Once the line containing "Balenciaga Track LED Black" is found in the records below, return it and each following line exactly, up to and including the line containing "Lenovo 2023 Thinkpad", and nothing else.

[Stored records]
*** Block opens ***

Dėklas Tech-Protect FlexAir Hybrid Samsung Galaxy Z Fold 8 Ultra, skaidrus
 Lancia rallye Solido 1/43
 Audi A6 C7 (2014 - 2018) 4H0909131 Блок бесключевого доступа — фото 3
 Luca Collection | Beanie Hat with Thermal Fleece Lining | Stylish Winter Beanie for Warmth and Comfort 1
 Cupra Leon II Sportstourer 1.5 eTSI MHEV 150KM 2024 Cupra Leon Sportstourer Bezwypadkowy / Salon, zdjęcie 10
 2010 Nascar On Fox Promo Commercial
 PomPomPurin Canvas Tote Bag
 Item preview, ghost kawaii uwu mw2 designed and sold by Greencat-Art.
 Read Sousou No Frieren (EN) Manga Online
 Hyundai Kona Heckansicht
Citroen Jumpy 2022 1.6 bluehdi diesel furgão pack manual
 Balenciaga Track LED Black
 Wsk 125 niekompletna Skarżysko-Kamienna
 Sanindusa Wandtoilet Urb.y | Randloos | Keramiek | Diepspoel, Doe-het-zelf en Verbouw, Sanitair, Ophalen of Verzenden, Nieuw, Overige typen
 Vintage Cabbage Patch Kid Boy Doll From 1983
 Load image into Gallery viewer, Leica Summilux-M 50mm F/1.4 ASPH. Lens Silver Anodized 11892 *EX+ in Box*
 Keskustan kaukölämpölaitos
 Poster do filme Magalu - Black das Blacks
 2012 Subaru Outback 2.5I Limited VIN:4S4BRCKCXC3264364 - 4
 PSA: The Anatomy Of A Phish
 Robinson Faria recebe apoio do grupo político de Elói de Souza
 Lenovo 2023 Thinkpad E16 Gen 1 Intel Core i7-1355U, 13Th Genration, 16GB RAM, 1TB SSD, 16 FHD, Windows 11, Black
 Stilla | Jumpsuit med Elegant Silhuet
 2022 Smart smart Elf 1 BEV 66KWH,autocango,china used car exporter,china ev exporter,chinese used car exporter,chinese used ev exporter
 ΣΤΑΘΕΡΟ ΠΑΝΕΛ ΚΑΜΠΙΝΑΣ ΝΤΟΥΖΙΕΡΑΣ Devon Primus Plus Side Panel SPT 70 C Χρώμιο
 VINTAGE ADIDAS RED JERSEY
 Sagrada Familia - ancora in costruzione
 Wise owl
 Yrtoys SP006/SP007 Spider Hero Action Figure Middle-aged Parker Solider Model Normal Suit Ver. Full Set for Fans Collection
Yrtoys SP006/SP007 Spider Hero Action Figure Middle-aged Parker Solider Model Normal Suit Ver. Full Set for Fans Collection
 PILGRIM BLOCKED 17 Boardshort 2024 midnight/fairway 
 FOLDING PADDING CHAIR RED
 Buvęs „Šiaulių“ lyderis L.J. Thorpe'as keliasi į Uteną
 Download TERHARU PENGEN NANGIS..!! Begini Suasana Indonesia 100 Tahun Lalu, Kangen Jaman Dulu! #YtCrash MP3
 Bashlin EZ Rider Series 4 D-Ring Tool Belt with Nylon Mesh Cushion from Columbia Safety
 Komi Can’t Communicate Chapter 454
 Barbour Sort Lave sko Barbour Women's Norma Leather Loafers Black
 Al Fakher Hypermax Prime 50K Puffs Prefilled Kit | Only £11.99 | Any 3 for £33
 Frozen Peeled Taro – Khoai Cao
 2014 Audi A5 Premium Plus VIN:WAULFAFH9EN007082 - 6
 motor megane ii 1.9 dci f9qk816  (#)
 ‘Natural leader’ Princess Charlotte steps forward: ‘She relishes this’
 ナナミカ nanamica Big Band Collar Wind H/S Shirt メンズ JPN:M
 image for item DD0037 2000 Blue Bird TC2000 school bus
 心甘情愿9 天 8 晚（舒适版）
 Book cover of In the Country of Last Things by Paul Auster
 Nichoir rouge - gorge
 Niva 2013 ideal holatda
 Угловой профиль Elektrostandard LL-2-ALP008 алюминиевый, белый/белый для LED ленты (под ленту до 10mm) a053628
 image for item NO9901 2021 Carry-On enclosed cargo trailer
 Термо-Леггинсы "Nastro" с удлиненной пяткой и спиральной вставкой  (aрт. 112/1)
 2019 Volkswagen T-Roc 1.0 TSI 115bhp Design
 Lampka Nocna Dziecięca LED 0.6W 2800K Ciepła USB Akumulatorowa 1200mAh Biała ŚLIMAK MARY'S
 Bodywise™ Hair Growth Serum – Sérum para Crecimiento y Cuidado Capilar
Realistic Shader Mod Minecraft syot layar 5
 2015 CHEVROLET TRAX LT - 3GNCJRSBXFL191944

*** Block closes ***

**EXERCISE SOLUTION**:
 Balenciaga Track LED Black
 Wsk 125 niekompletna Skarżysko-Kamienna
 Sanindusa Wandtoilet Urb.y | Randloos | Keramiek | Diepspoel, Doe-het-zelf en Verbouw, Sanitair, Ophalen of Verzenden, Nieuw, Overige typen
 Vintage Cabbage Patch Kid Boy Doll From 1983
 Load image into Gallery viewer, Leica Summilux-M 50mm F/1.4 ASPH. Lens Silver Anodized 11892 *EX+ in Box*
 Keskustan kaukölämpölaitos
 Poster do filme Magalu - Black das Blacks
 2012 Subaru Outback 2.5I Limited VIN:4S4BRCKCXC3264364 - 4
 PSA: The Anatomy Of A Phish
 Robinson Faria recebe apoio do grupo político de Elói de Souza
 Lenovo 2023 Thinkpad E16 Gen 1 Intel Core i7-1355U, 13Th Genration, 16GB RAM, 1TB SSD, 16 FHD, Windows 11, Black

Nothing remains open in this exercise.